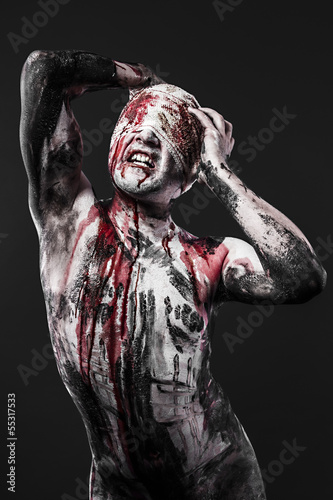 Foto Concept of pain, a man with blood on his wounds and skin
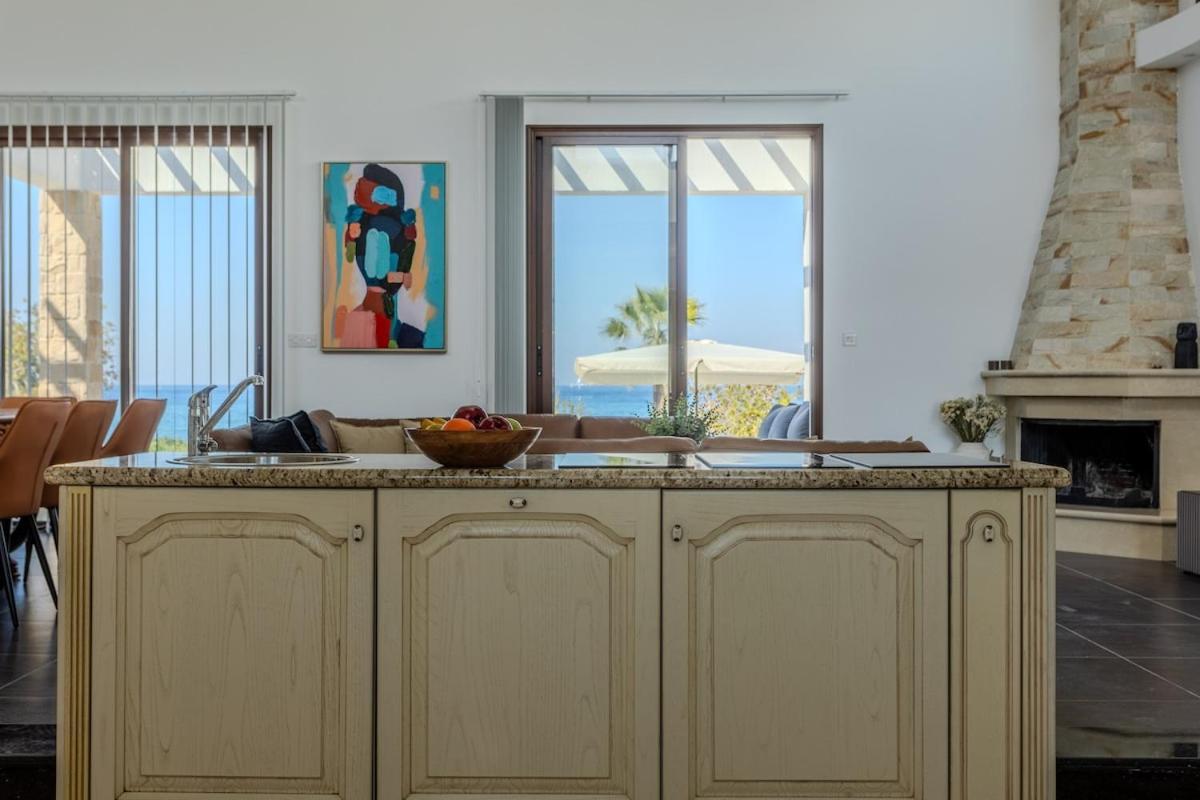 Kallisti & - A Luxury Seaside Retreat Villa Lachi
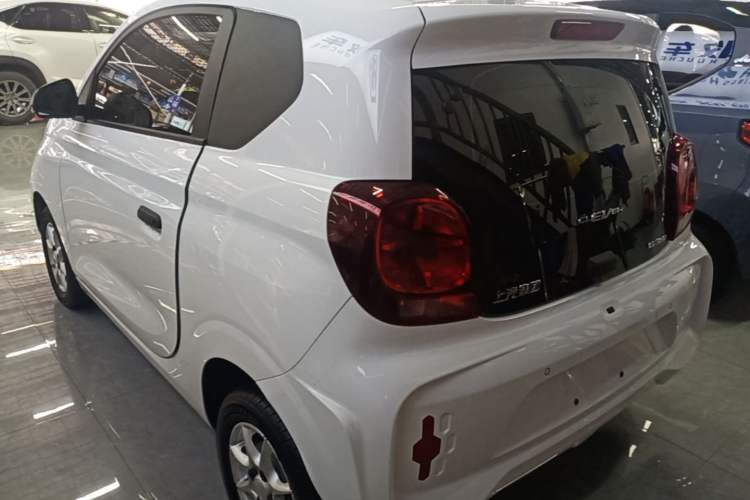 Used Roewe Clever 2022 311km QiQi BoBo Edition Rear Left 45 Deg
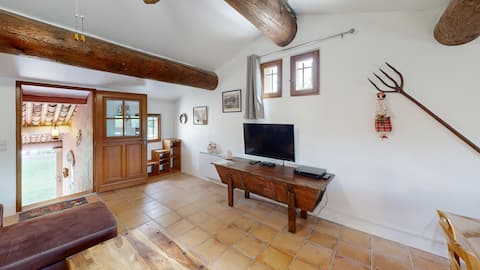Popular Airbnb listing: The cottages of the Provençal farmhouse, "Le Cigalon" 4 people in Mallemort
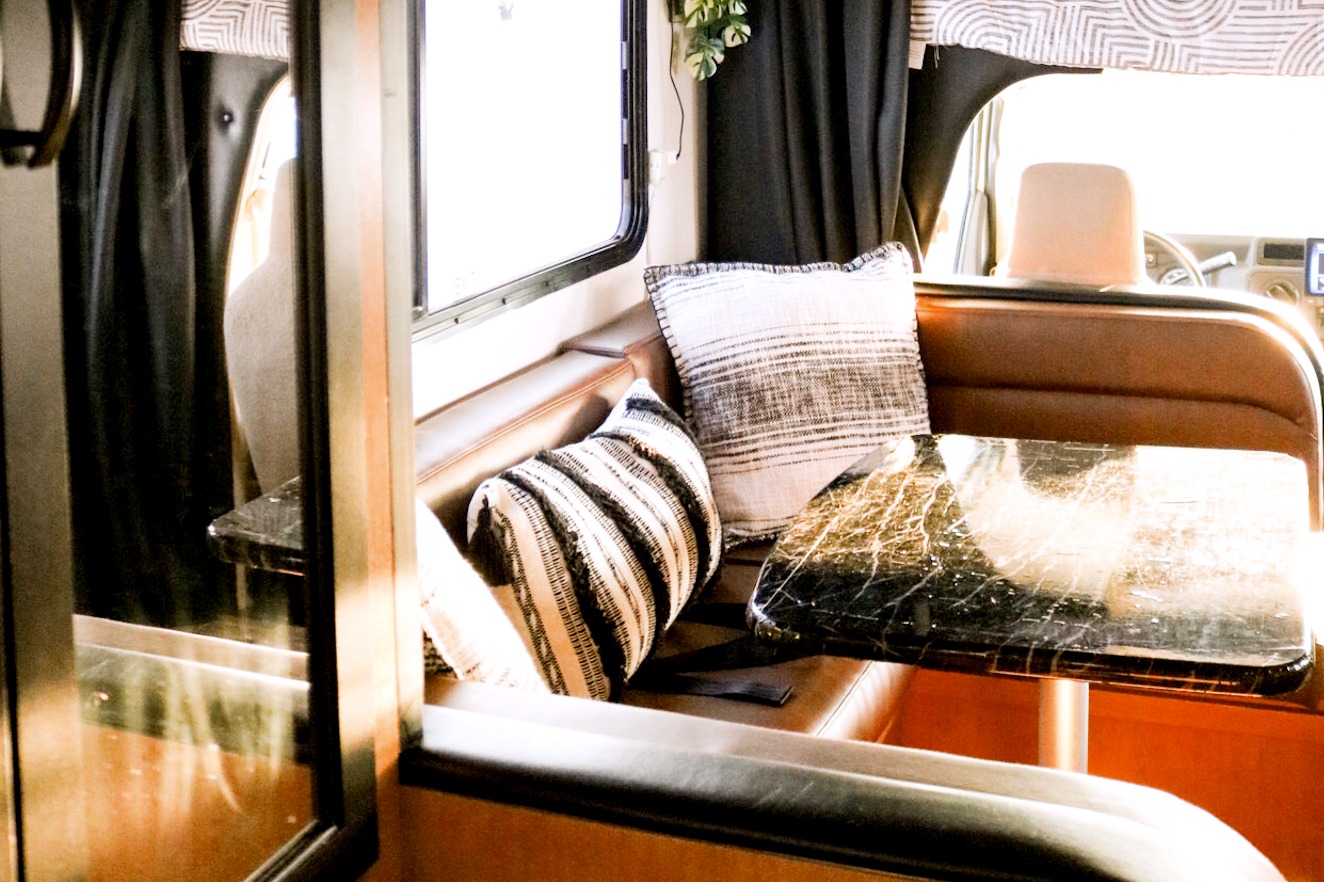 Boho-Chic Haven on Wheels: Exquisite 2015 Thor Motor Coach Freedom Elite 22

......

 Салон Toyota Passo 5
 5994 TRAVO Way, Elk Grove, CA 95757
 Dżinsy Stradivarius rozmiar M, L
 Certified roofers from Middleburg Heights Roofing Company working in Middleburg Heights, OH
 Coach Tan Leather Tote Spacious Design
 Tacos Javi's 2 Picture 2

......

Your assignment: Reproduce the entries above exactly, but only the lines between the line holding "Dżinsy Stradivarius rozmiar M, L" and the line holding "Tacos Javi's 2 Picture 2", inclusive.

Result:
 Dżinsy Stradivarius rozmiar M, L
 Certified roofers from Middleburg Heights Roofing Company working in Middleburg Heights, OH
 Coach Tan Leather Tote Spacious Design
 Tacos Javi's 2 Picture 2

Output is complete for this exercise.